The evolution of Jacob Elordi's career and recent milestones him, and his team of publicists, hit on their quest to craft a Hollywood leading man.
Jacob Elordi always had an agenda.
Timothée Chalamet and Jacob Elordi are the two names currently dominating the conversation in the cinematic world. While both have undoubtedly sparked their fair share of recent media buzz, their paths in the industry could not be more divergent.
Timothée Chalamet might have a lot going for him at the moment, but perhaps the most notable thing about him that stands the test of time is his screen presence. He singlehandedly introduced the age of dandyism to the next generation of actors and redefined what it meant to be a leading man when he starred in Call Me By Your Name alongside Army Hammer, a classic hunk, and made his costar look invisible. There is something so delicate about the way he performs. Raw and honest, his performance does not exist to satisfy an archetype, making his characters unconventionally attractive.
But this is not to be confused with the cliche of the pure talent that would get discovered in some mall. Timothée Chalamet was born and raised in Manhattan. He attended the LaGuardia High School of Music & Art and Performing Arts, where he dated Madonna’s daughter. He is half-French and speaks the language publicly. He has been in training to become the actor of his generation his entire life.
Jacob Elordi, however, faced a different hand in the game. Born without the luxury of an artful upbringing, he had to rely on more traditional charms to kickstart his career. If we rolled back the clock two decades, Jacob would have absolutely smoked Timothée. Yet, in the current landscape, his innate masculine appeal fails to give him a leg up.
But let's strip away the external layers for a moment. Despite his vast knowledge of movies, Elordi grapples with a shortfall of conveying the vulnerability demanded by his craft for the acclaim he aspires to. He may be able to deliver the male version of the female range (re: Black Swan, Pearl, Midsommar) on screen without flaw.
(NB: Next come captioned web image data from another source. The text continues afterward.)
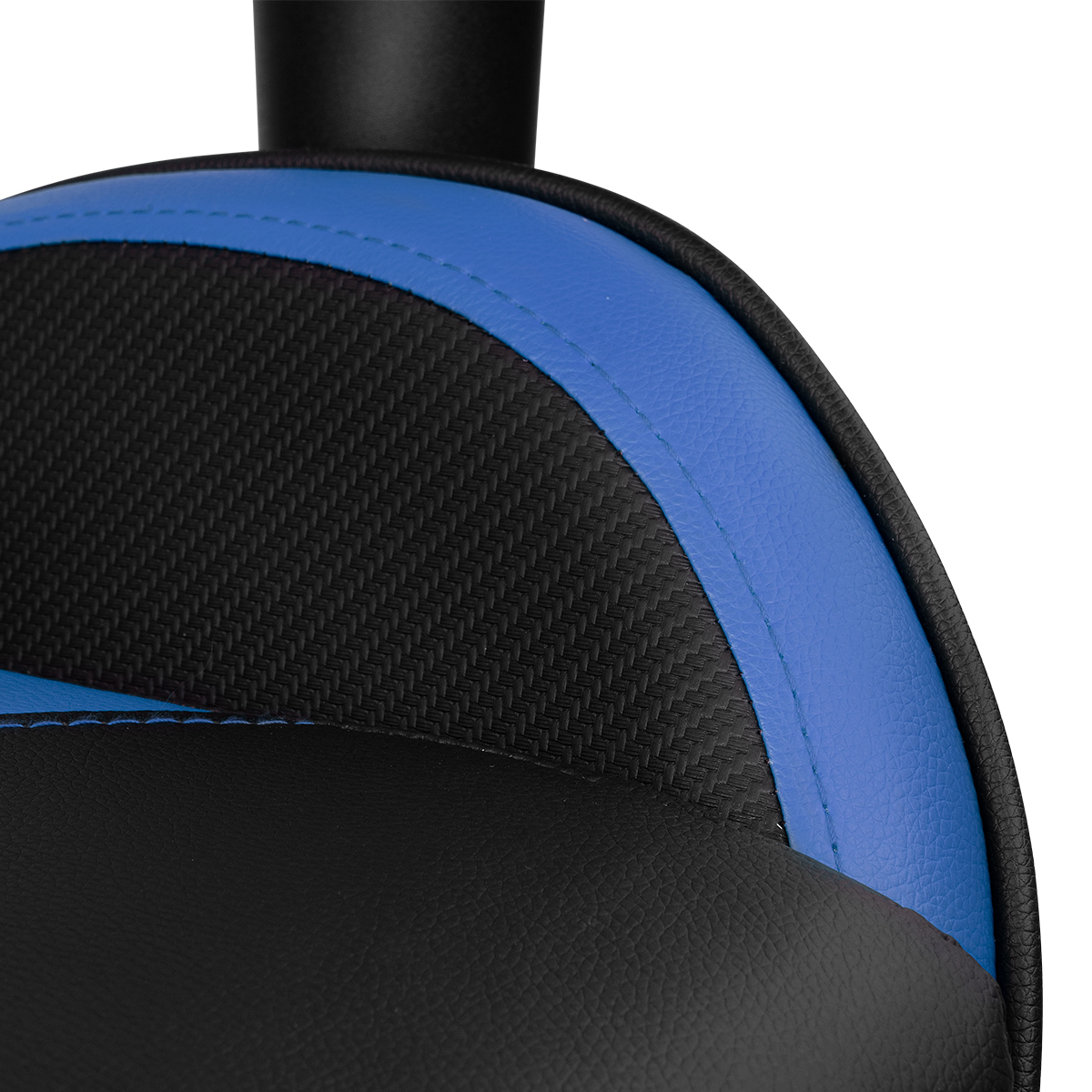 Primer plano de un asiento de silla gamer. Tiene fibra de carbono negra, ribete azul y cuero negro.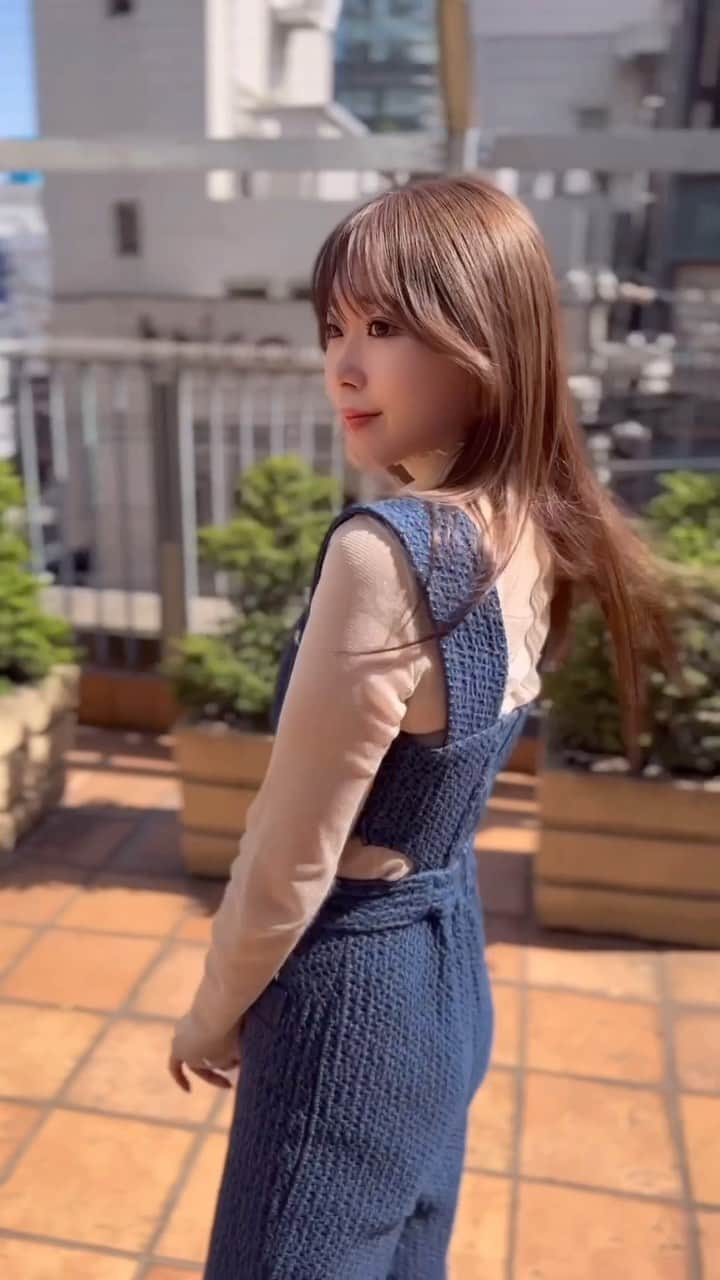藤川沙弥のインスタグラム：「@white.white.michael にお任せでcolor♥︎ 濃いめの色を入れてもらって 透明感のあるベージュからの 色落ちを楽しんでるっ🫶🏻 いまはだいぶ明るくなってきた🦋🌼 👗 @hdxuly 🩵  👀 @onlinecontact で feliamoのアフォガード☕️ めちゃくちゃナチュラルだし このシリーズ付け心地良過ぎて楽なの♥︎」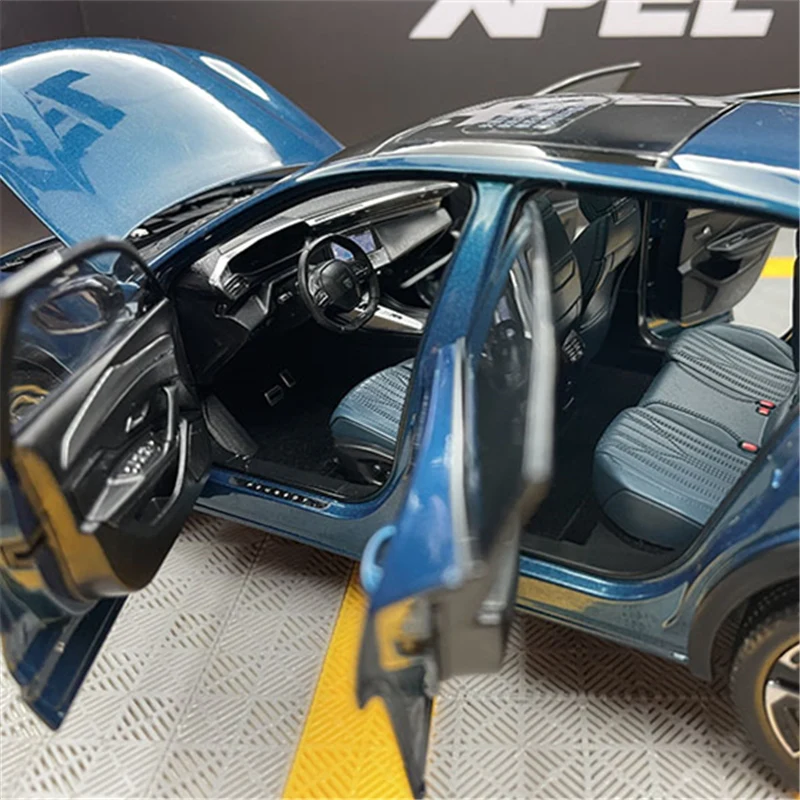 1:18 Peugeot 408X SUV Diecast Alloy Car Model 4 1:18 Peugeot 408X SUV Diecast Alloy Car Model - Image 4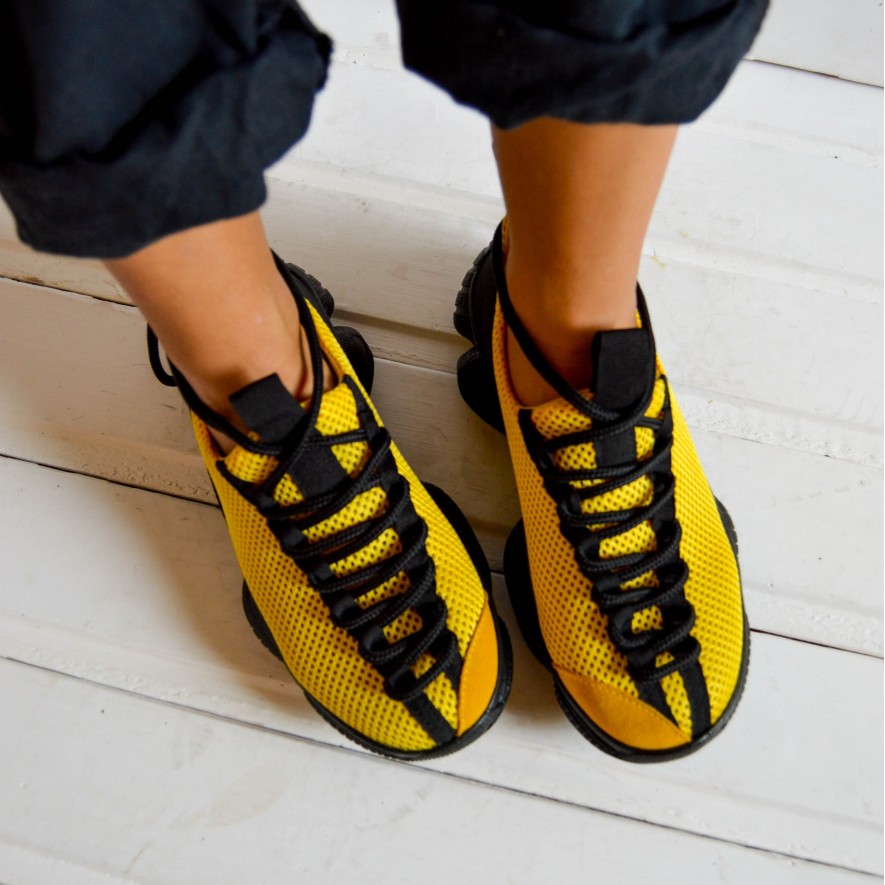 * Sneakers - Fly - Bee - UNISEX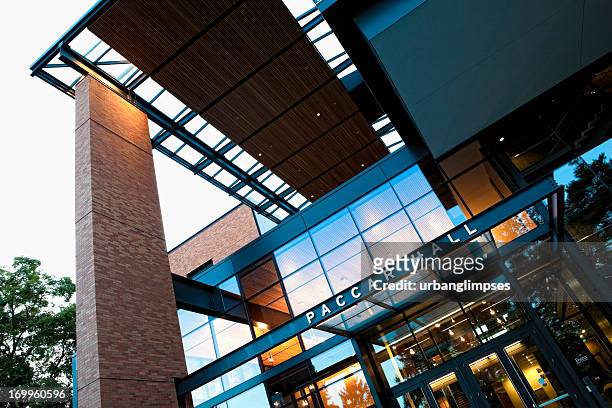 university of washington paccar hall - washington state sign stock pictures, royalty-free photos & images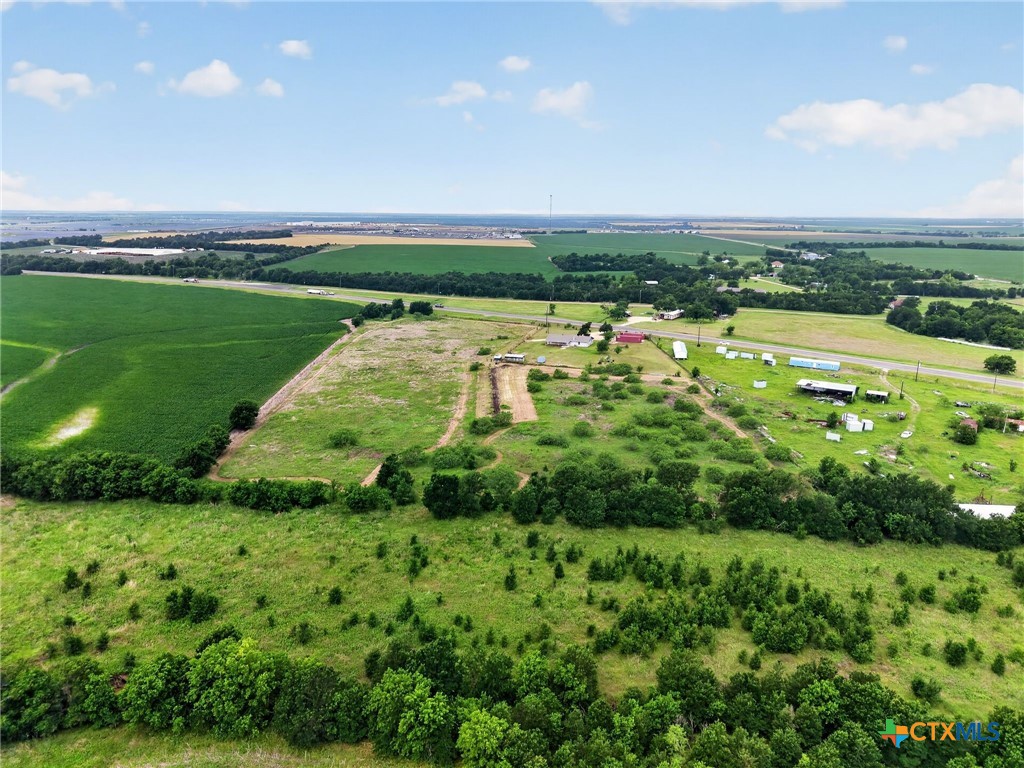9406 N Highway 77 Property Photo 16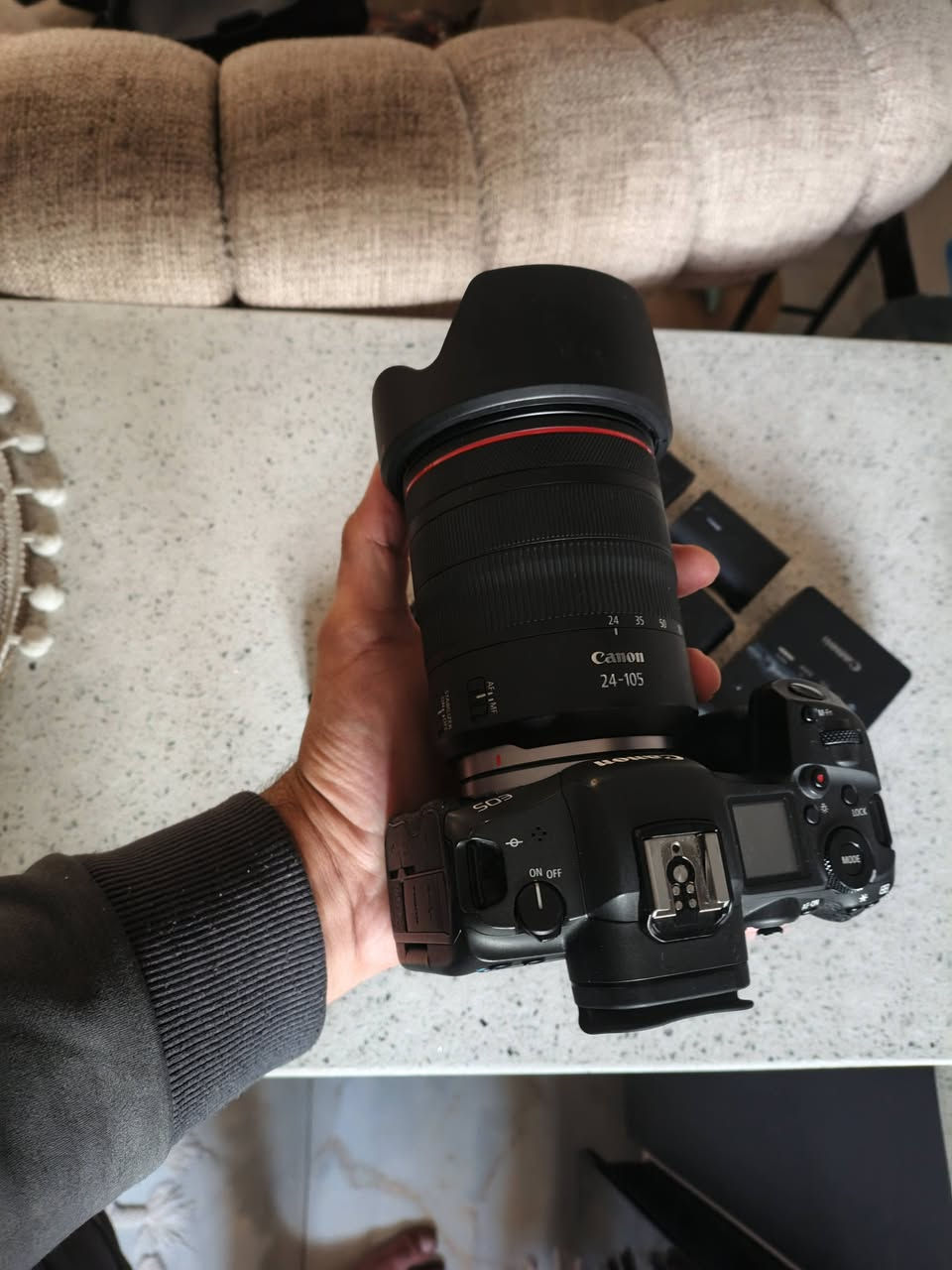 سلام عليكم شباب كامره كانون R5 نضافة الكامرة 100% 
مابيها اي شخط ولا زلغ بلاضافه الى بطاريات عدد 6 وشاحنات عدد 3
عدسة RF 24.105. فتحة ثابتة رنك احمر اخت الجديدة مستخدمة كم مره 

شباب الكامره من افضل الكامرات بالعالم تصور 8k و هوايه سوالف بيها

شباب سعر الكامرة البدي مليونين و 750 الف 
سعر العدسة مليون و 350 الف 
مكاني بغداد البياع 

رقمي ***********
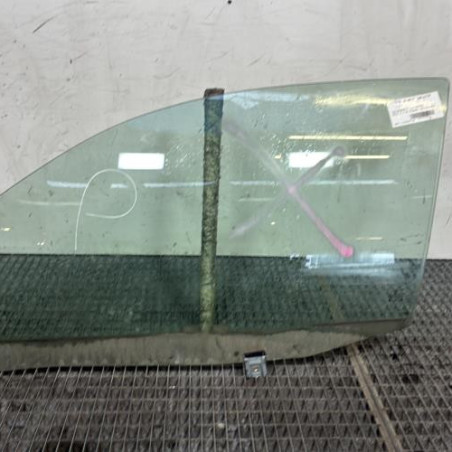 Vitre avant gauche VOLKSWAGEN GOLF 4 Photo n°1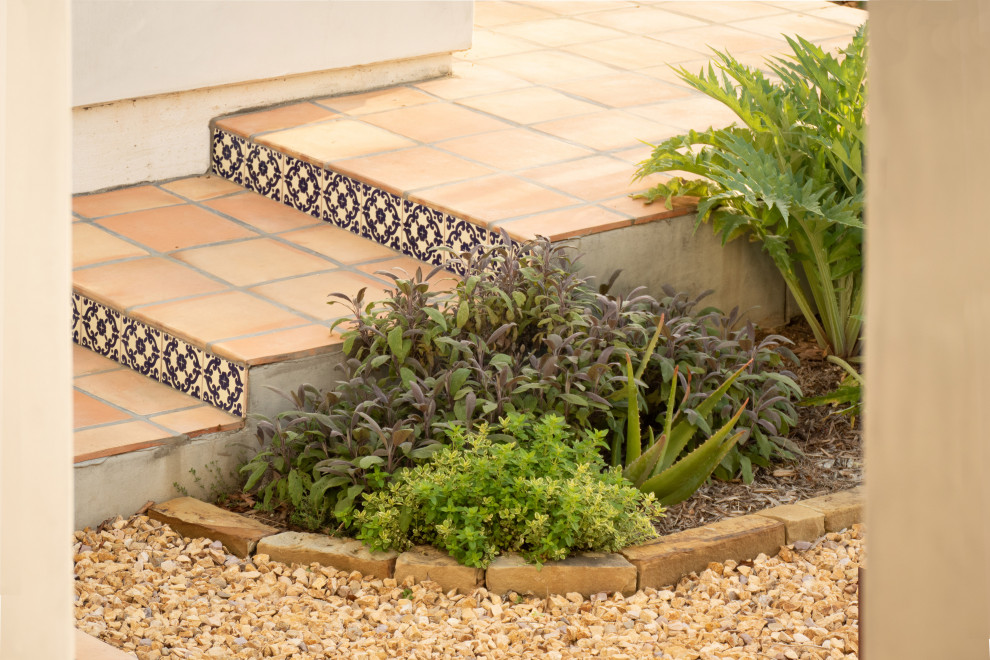 Cette photo montre un jardin latéral méditerranéen de taille moyenne avec une exposition ensoleillée et du gravier.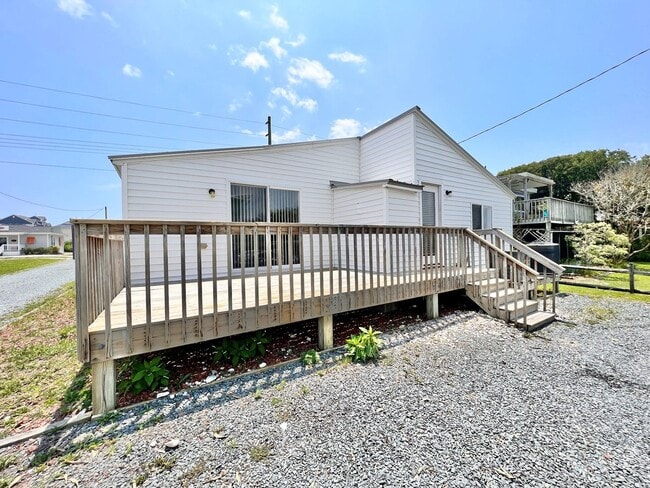 property at 313 S Topsail Dr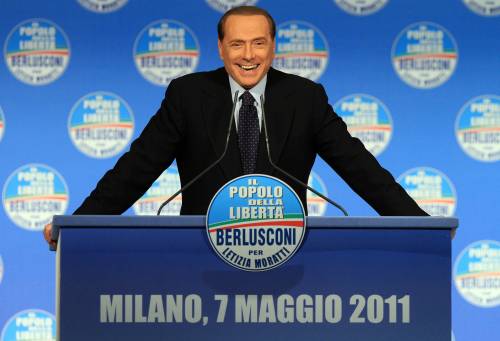 Berlusconi contro la sinistra: 
"Vogliono moschee ovunque"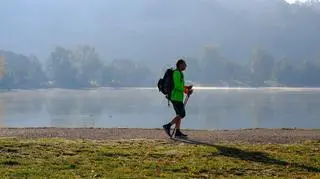 Na czym polega nordic walking? Jak zacząć?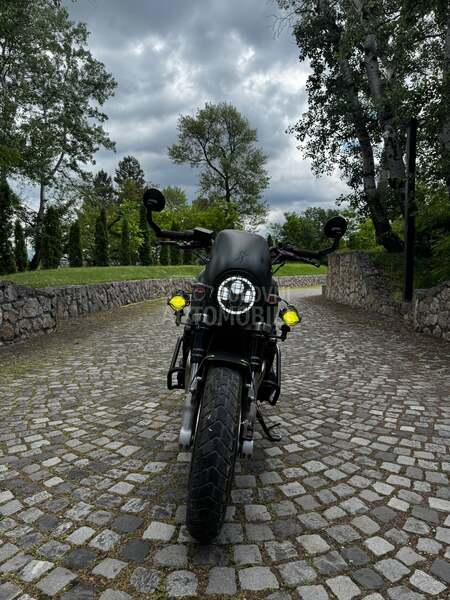Suzuki gsx 750 inazuma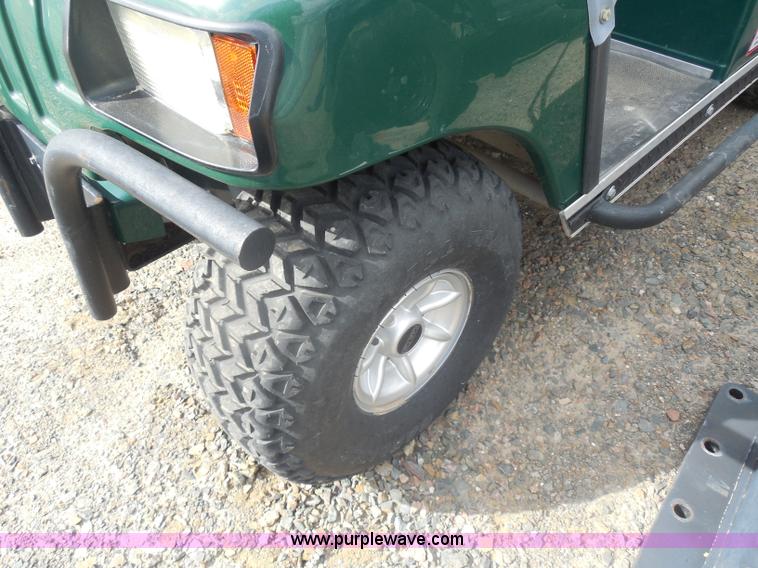 image for item AL9612 2005 Club Cart XRT 810E utility vehicle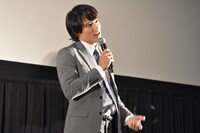 メガネを外した小澤雄太。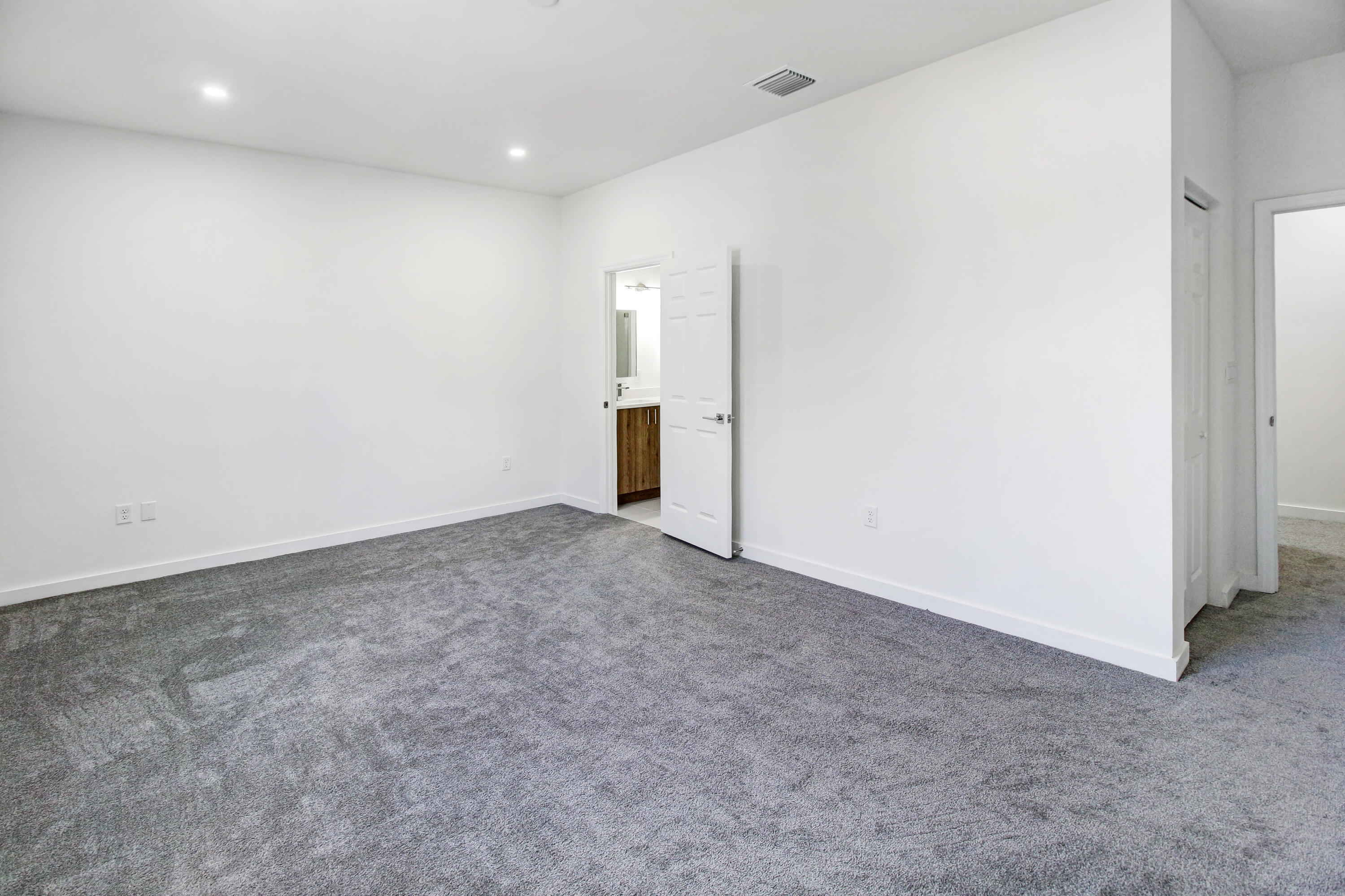 1285 Crystal Way 102b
However, it seems as though his idolization of Old Hollywood may have led him to prioritize the allure of being an actor over the essence of acting itself.
While Elordi might not have what it takes to pull off a critically acclaimed performance, at least not yet, he has a sound understanding of what that looks like, which might be considered a talent on its own: The ability to recognize good art is as rare to come by as the ability to produce it.
In Hollywood, artistic finesse isn't the sole ticket to success. L.A teems with actors maneuvering careers sans film critique skills. Some fizzle out after two CW seasons, others soar to Blockbuster wealth. Recall a Chris Pratt or Ryan Reynolds performance that truly resonated? Yeah, neither can they. Yet, their charm thrives in clever tweets and brand deals, safeguarding their relevance.
Instead of venturing into entrepreneurial endeavors to cash out on his fame, Elordi took an old-school approach to crafting his image. He wanted people to know he was different from his peers. Jacob and his team worked tirelessly to draft a version of him to mimic the actor he aspires to be recognized as, and there is something to be said about that perseverance.*
He carried a retro film camera on his first very publicly captured date with Zendaya and bashed the tween movies he made early in his career at every opportunity. He strategically dated his way through the industry and carefully stirred the pot with culturally relevant topics such as the exploitation of male actors.
Elordi radically challenged the Aussie-Hemsworth-brother stereotype he otherwise would have been grouped with from every angle. Which worked, but his master plan of becoming “the actor” did not quite land immediately. Over the years, most of these efforts either confused people, labeled him pretentious, or went unnoticed altogether.
But they eventually paid off. Elordi’s last two projects, Priscilla and Salt Burn, were the absolute tipping points of his quest for a career. He got his name associated with Sophia Coppola and an indie thriller about aristocratic greed and, somehow, managed to line up the releases of these highly anticipated female-directed movies back to back in the same calendar year. Checkmate.
Despite starring in these anticipated productions, the fact that Elordi continues to play the eye-candy, just in a more avant-garde way, might be the best punchline of it all.
*I write this in the most sincere and least satirical way possible.